Evet, mağlup olduk.
Belki de futbolda “olur böyle şeyler” deyip yolumuza bakmak lazım.
Ama bizim bu ligden şampiyon çıkmamız gerekirken, iç sahamızda yenilmek hiç hoş olmadı.
Er ya da geç puan kaybedecektik ama kimse kabullenemedi.
Transfere bir gün kala hocamız “3 forvetimiz var, transfere gerek yok” derken, ikisinin birden sakatlanabileceğini düşünmedi.

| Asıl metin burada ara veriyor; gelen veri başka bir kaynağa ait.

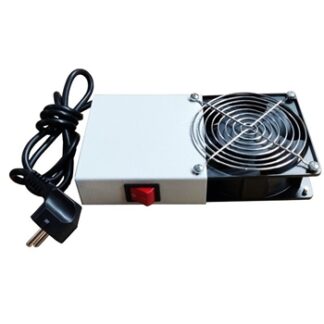 Phasak - Conjunto ventilación 19" con interruptor para rack mural - 1 ventilador x 120mm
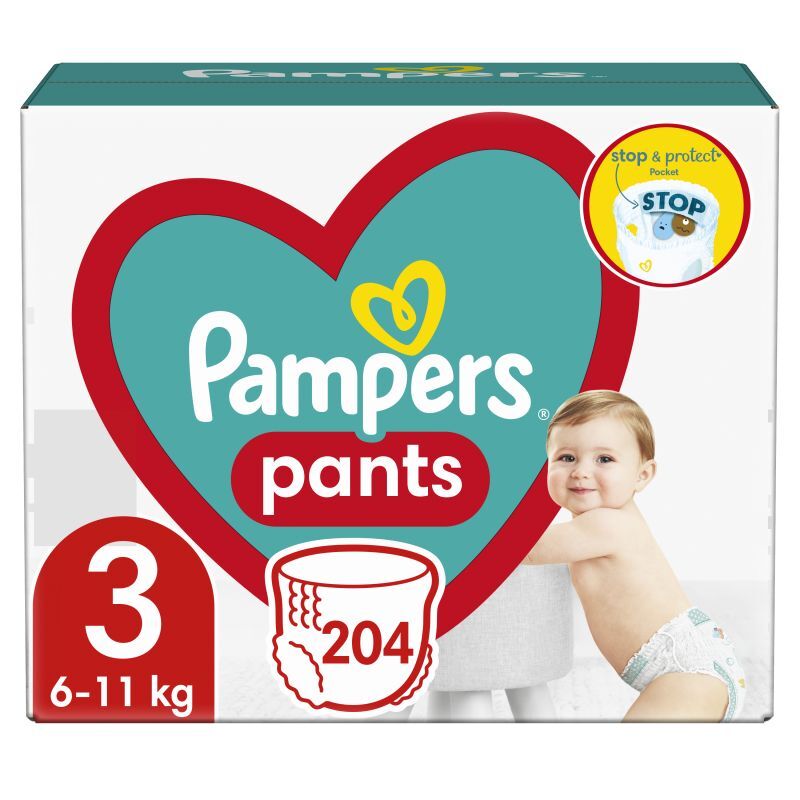 pampers u niepełnosprawnego dziecka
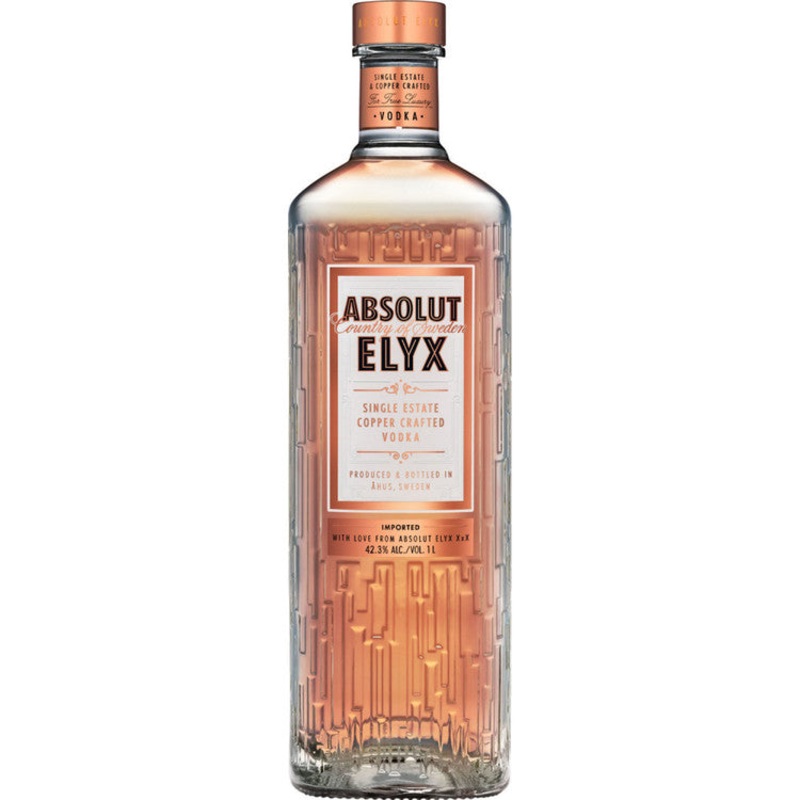 ABSOLUT VODKA ELYX 84.6 750ML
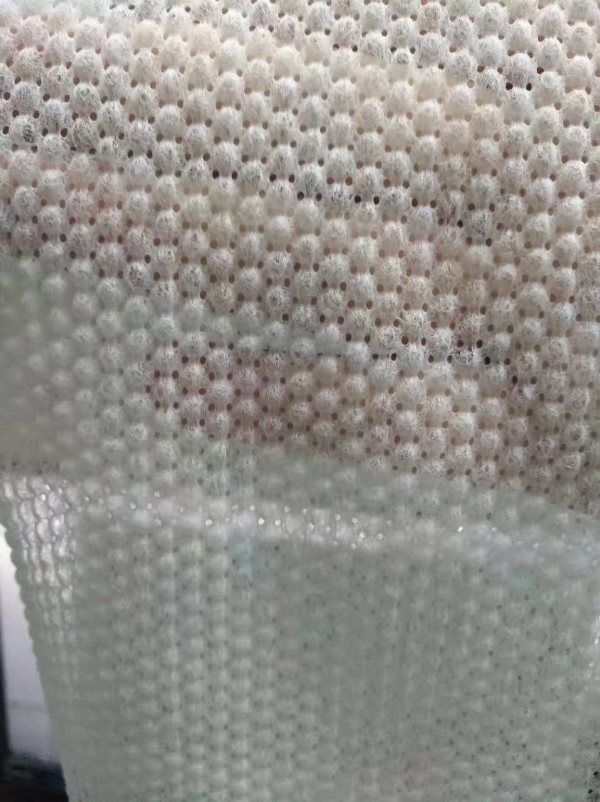 Medical nonwoven embossing perforating equipment 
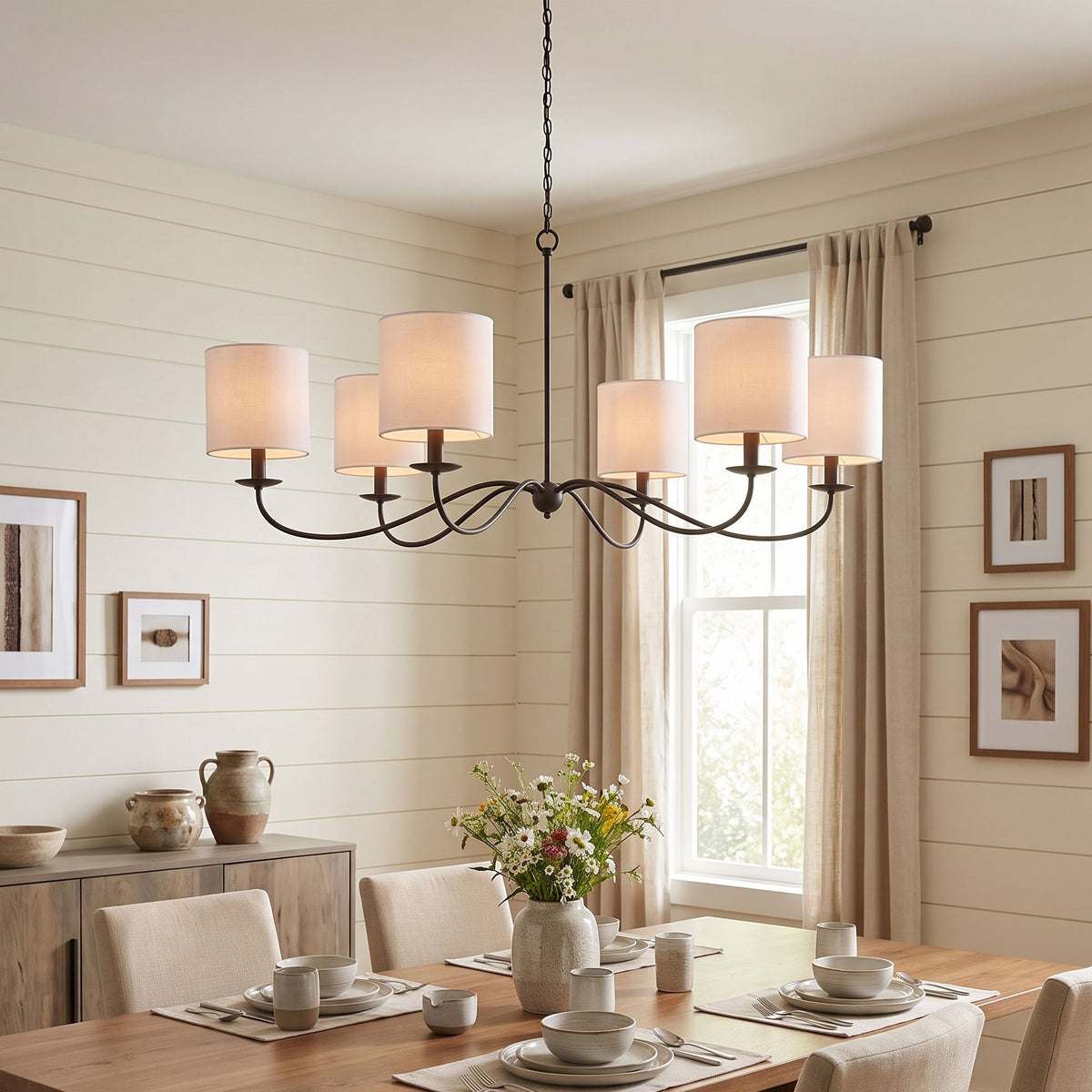 Lafayette Elegant Chandelier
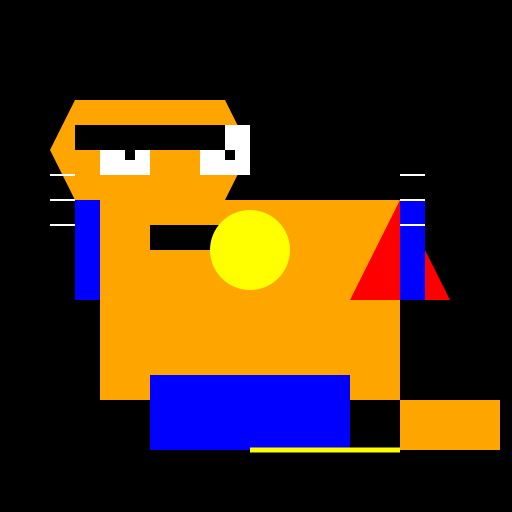 A Super Cat - DrawGPT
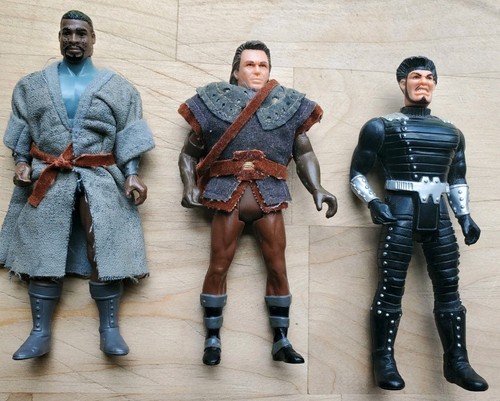 1991 Kenner Robin Hood Prince Of Thieves Actionfiguren (3) Robin, Sheriff,...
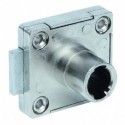 serrure à mortaise Nr.8504 20 mm, Sans noyau de cylindre.7411(Par 10)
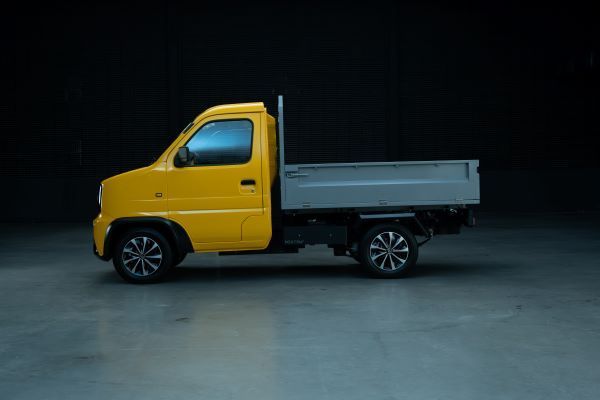 NEXTEM ORCA Mini EV Truck 2024 ด้านข้าง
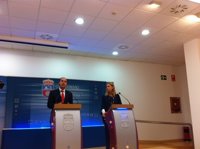 Diego vería "razonable" un déficit asimétrico para las CC.AA. y no lo consideraría una "amenaza para Cantabria"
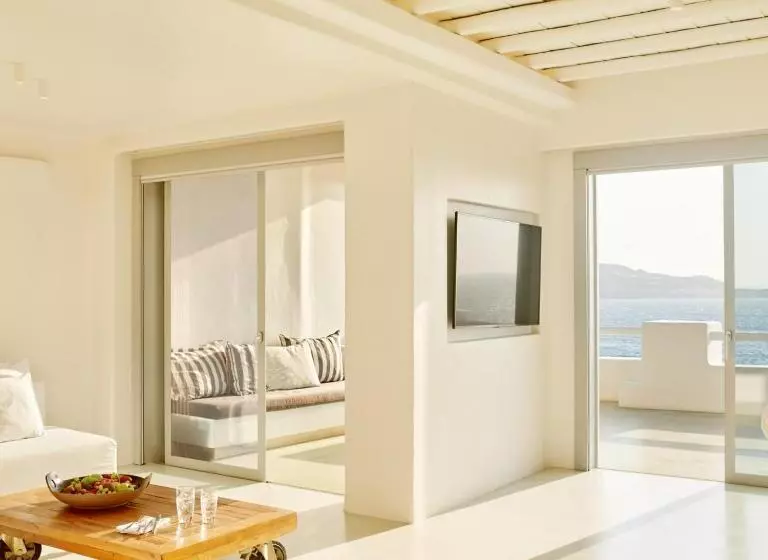 ویلای 2 خوابه, Cavo Tagoo Mykonos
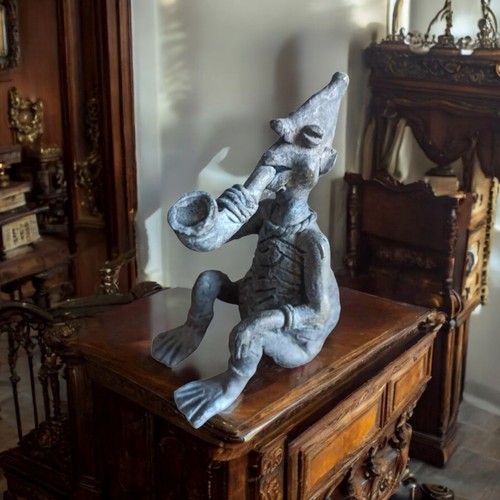 Sculpture figurative africaine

Beklentilerimizin yüksek olduğu Emrehan’ın da bu kadar kötü performans göstermesi kimsenin aklına gelmedi.
Musa’nın oynamamasının altında bir sebep var mı bilmiyorum.
Hocanın sisteminde Tayfun adeta domino taşı gibiydi; sakatlanıp çıkınca takım bir türlü toparlanamadı.
Yan paslarla çıkmaya çalışmak bize hiç uymadı hocam. “Üçlü defans oynatıyorum” diye Ertuğrul’un zaman zaman hücuma katkı vermesini engellememek lazım.
Ömer Erdoğan ve Serdar Aziz’den yıllarca gol yollarında ne katkılar aldık, hatırlayalım.
Sertaç ise bugün beni hayal kırıklığına uğrattı. Rakip takımı da tebrik etmek lazım; bizi iyi analiz etmişler.
Yer yer üst düzey futbol oynadılar ama oyunu soğutmak ve zaman kazanmak için yaptıkları da çok amatörceydi.
Gerçi, 40 bin taraftarın önünde deplasmanda oynarken bunu da haklı görebiliriz.
Dün akşamın iki güzel yanı vardı: Birincisi Dünya Yaşlılar Günü vesilesiyle yaşlıların sahaya çıkarılması ve alkışlanması, ikincisi ise her zamanki gibi muhteşem tribün desteği.
Başlıkta da dediğim gibi, bu “Osmanlı tokadından hep birlikte ders çıkarmalıyız.
Yoksa zorlu fikstüre girdiğimiz bu haftalarda çok canımız yanar.